== WHAT THE EXERCISE ASKS ==
Starting at the line that contains "в 2026/27 году?", write out each line through the end of the data below, exactly as it stands. Skip any pictures.

== DATASET EXTRACT ==
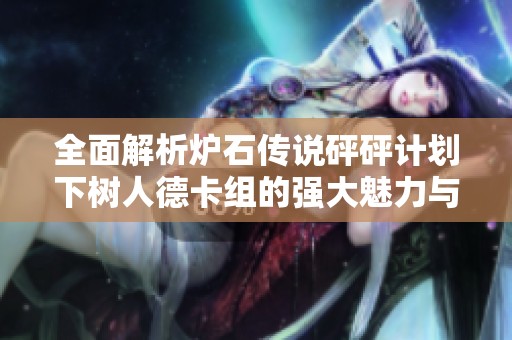 全面解析炉石传说砰砰计划下树人德卡组的强大魅力与策略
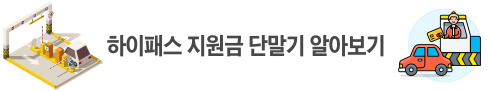 한국도로공사 하이패스 지원금 단말기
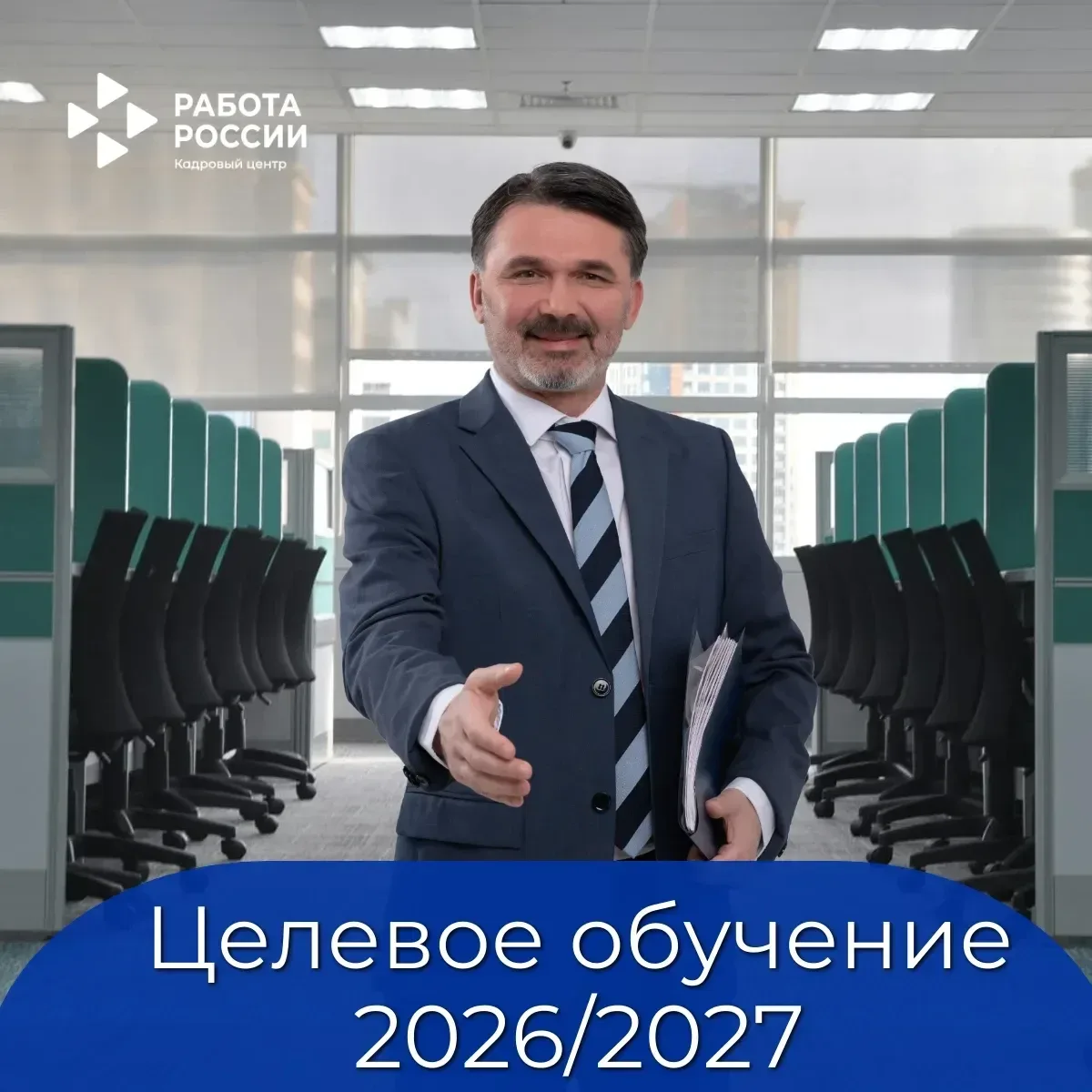 🖊️Целевое обучение в колледжах: что изменится в 2026/27 году?

Кадровый центр «Работа России» Кадро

== RESPONSE TO THIS TASK ==
 🖊️Целевое обучение в колледжах: что изменится в 2026/27 году?

Кадровый центр «Работа России» Кадро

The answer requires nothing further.